LuxRender 1.2 has an impressive list of fixes and improvements.

Jean-Philippe Grimaldi writes:

The new version of LuxRender is available with lots of bug fixes (you are strongly advised to upgrade to this release), noise aware sampling, improved render queue handling, improved GPU acceleration, a new cloth material, a much faster bloom filter to name a few. This release is compatible with Blender 2.66.
From the announcement:

Changes since v1.1:
- fix a memory leak in the GUI
- fix display of .flm statistics
- fix rendering artefacts when the scene is very small
- fix for incorrect rendering of environment lights with large black areas
- fix for severe regression introduced in bidirectional rendering when optimizing dispersion code
- fix a long standing bug in bidirectional which made renders with bidirectional appear darker than with path
- fix lots of issues with hybrid path rendering, it should now match normal path rendering
- fix wavelength mutation in metropolis
- fix for image filters having a width less than 0.5
- removed the annoying message box when loading a queue file
- fix display of negative numbers in statistics
- lots of fixes for SLG3
- hybrid rendering modes are now available even on non OpenCL builds
- SLG bidirectional implementation with vertex merging or hybrid mode
- fixes to SLG sun light
- fixes to bounding boxes causing instances objects to sometime disappear or be clipped
- tile rendering with SLG
- more advanced GPU memory management with SLG
- SLG core is now a library
- port of some more Lux features to SLG core
- user driven sampling and noise aware sampling (still experimental with bidir and metropolis combination)
- all scenes rendered are now added to the queue so you don't have to choose between single render and batch rendering
- improved queue handling
- fix dispersion using SPPM rendering
- new woven cloth material
- WARNING: backward compatibility break: the displacement direction when using loop subdivision has been reversed to match general expectations and to be consistent with microdisplacement or bump mapping
- improved dispersion handling with path and bidir
- much faster bloom filter
- fix a memory leak that could be dramatic when using hybrid rendering
- fix for projector light not applying transforms correctly

In LuxBlend25 since v1.1:
- improved smoke support including fire (with path integrator)
- fix for lights in dupligroups
- many tweaks to sanitize the UI and improve usability
- adapt to Blender 2.66
- proper export of render layer visibility
- proper motion blur export
- material preview improvements
- metaballs export
- improved preview
- add new LuxRender features
- be compatible with Blender 2.65 (not backward compatible)
- primitive proxy support to allow exporting of more LuxRender native shapes like spheres, cylinders, ...

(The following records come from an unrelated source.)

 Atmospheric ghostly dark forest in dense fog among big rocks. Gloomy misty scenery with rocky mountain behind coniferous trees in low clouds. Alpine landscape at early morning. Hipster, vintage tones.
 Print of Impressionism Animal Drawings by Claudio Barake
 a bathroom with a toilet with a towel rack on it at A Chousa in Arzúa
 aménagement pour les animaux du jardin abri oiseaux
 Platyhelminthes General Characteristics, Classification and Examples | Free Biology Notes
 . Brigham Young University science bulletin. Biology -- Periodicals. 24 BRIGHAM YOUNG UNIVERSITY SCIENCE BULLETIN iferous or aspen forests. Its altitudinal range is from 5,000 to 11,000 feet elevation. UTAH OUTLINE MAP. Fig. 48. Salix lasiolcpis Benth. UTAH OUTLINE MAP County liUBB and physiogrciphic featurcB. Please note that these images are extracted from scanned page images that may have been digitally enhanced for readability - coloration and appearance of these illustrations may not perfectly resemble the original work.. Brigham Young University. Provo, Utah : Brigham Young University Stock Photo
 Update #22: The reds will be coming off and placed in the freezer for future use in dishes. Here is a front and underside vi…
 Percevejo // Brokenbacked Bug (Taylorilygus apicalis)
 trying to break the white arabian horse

  1. I used to be a Lux fan, but since seeing some of the breathtaking work done with Cycles, and its ease of use, I've given up on Lux. Sorry!

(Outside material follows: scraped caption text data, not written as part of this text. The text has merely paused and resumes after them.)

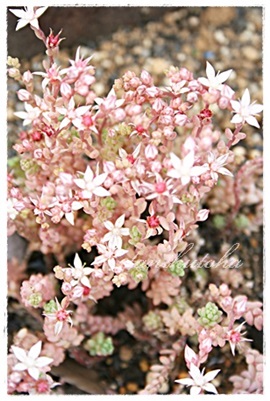 セダム属ポトシナム花：Sedum potocinum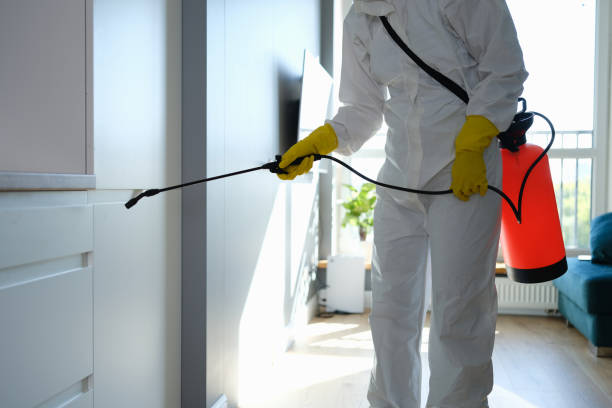 Professional Mold Remediation in New Palestine, IN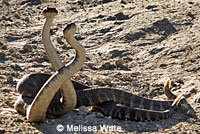 northern pacific rattlesnake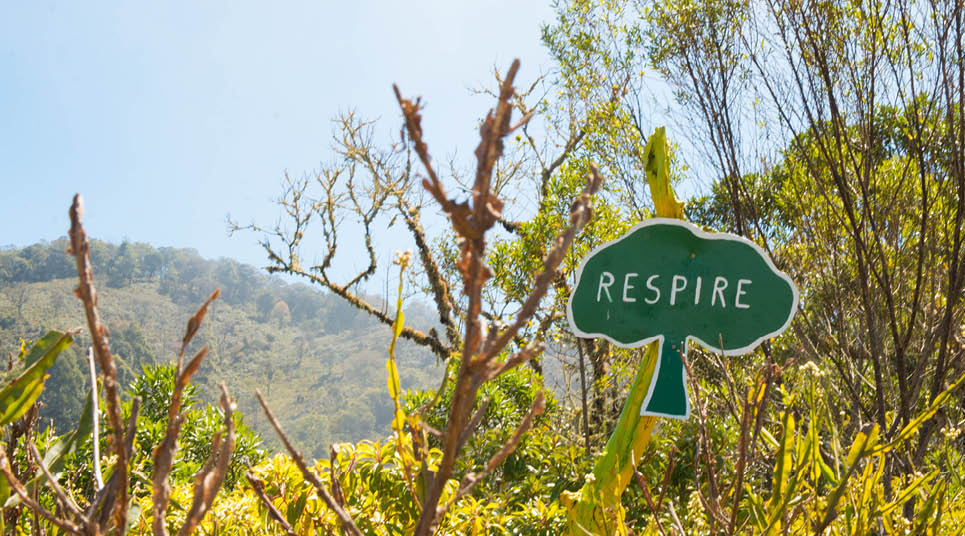 Plaquinhas divertidas e inspiracionais podem ser vistas ao longo do caminho Cunha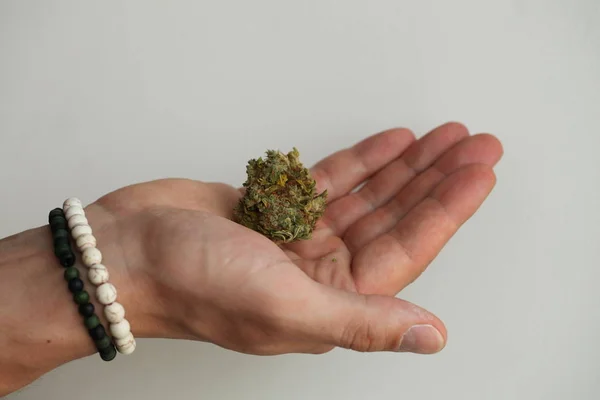 Marihuana Suche Marihuany Ręku — Zdjęcie stockowe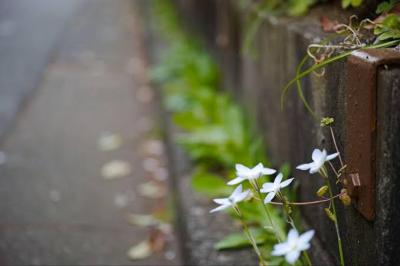 恭介 (48) 京都 萬天堂 / 出張性感マッサージ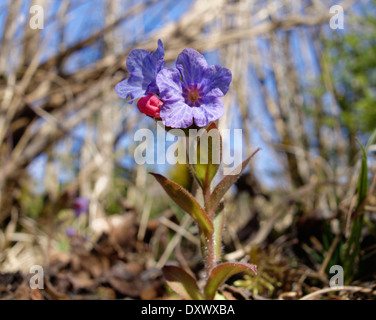 Weiches Lungenkraut (Pulmonaria Mollis), Isarauen, Bayern, Deutschland Stockfoto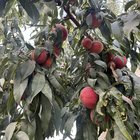 Everything my fruit garden produced this year. I’m so grateful – Reddit Post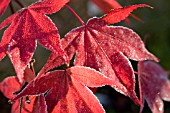 ACER PALMATUM,  JAPANESE MAPLE WITH FROST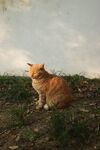 夕阳下的橘猫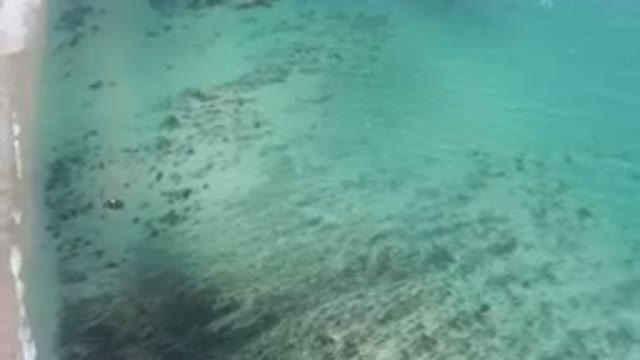 SHIPWRECKS BEACH LOS CABOS BCS MEXICO-2023: Aerial View of Boat on Turquoise Shore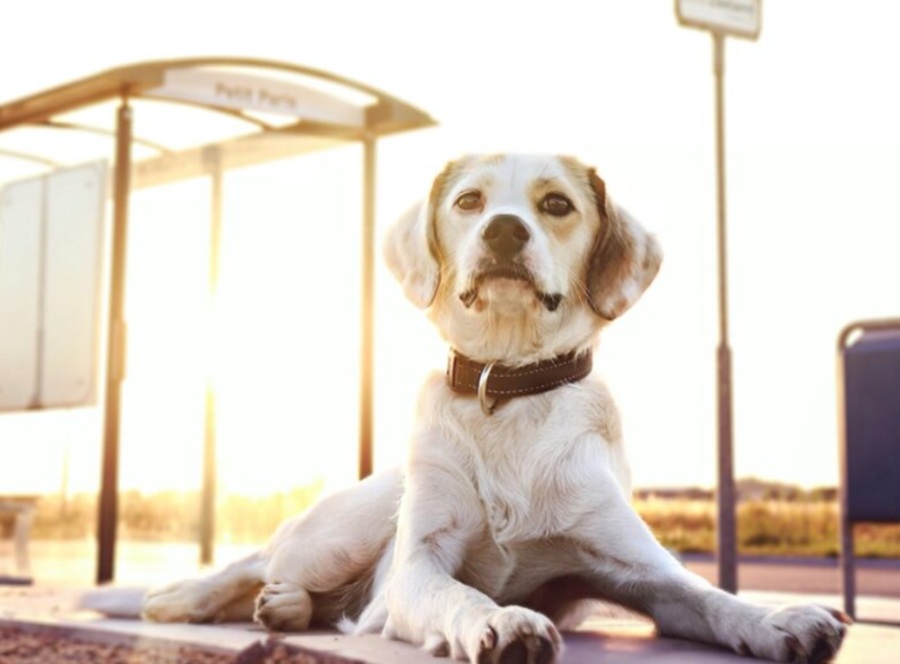 Pets travel in Italy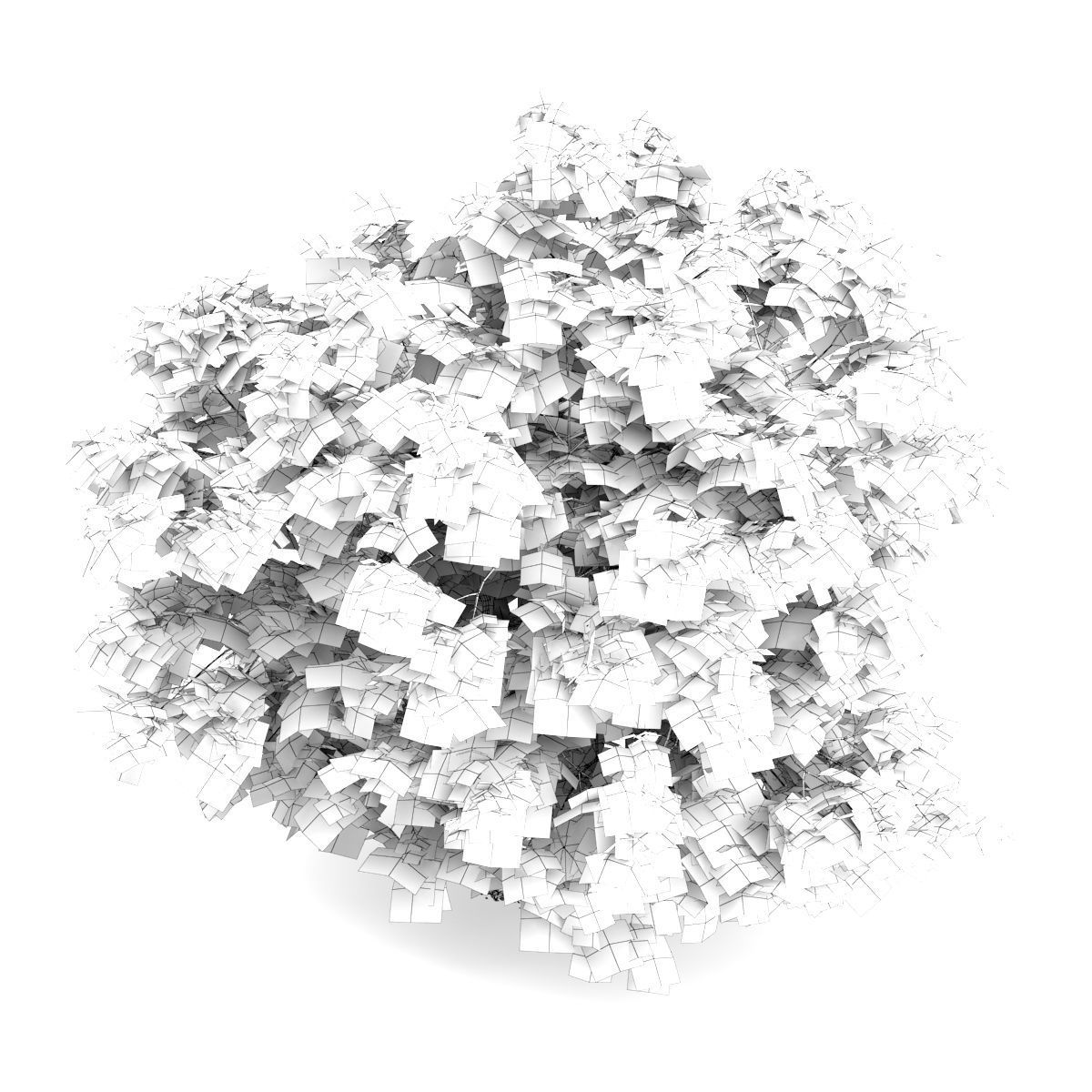 Japanese Maple Acer Palmatum 3D model_1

    • "Cycles, and its ease of use, I’ve given up on Lux. Sorry!" - you must be using a completely different version of Cycles than I am. All that work to set up materials & then (until blender 2.66 material preveiw - which does not even work on my old PC) you had to render a bit to see those mats - Lux uses Blenders mat preveiw window. There is no way to pause the render with Cycles. I agree with you about the great work people are doing with Cycles, artists & devs - it has come along well. I would say it all comes down to personal preference, but for me its Blender 2.66 with Lux 1.2 - which IMHO is their best release yet.

  2. In my opinion Luxrender is an outstanding piece of opensource software. All the developers are working on it in their free time with absolutely no financial support (there's not even an option to donate until now) and still they manage to hold up a development pace that is remarkable.
    What I especially prefer over closed-source software is the possibilty to directly talk with the devs - and the Luxrender devs are exceptional good at implementing what the users want (e.g. refine brush is a feature that even Maxwell and Indigo are lacking despite of requests from their communities).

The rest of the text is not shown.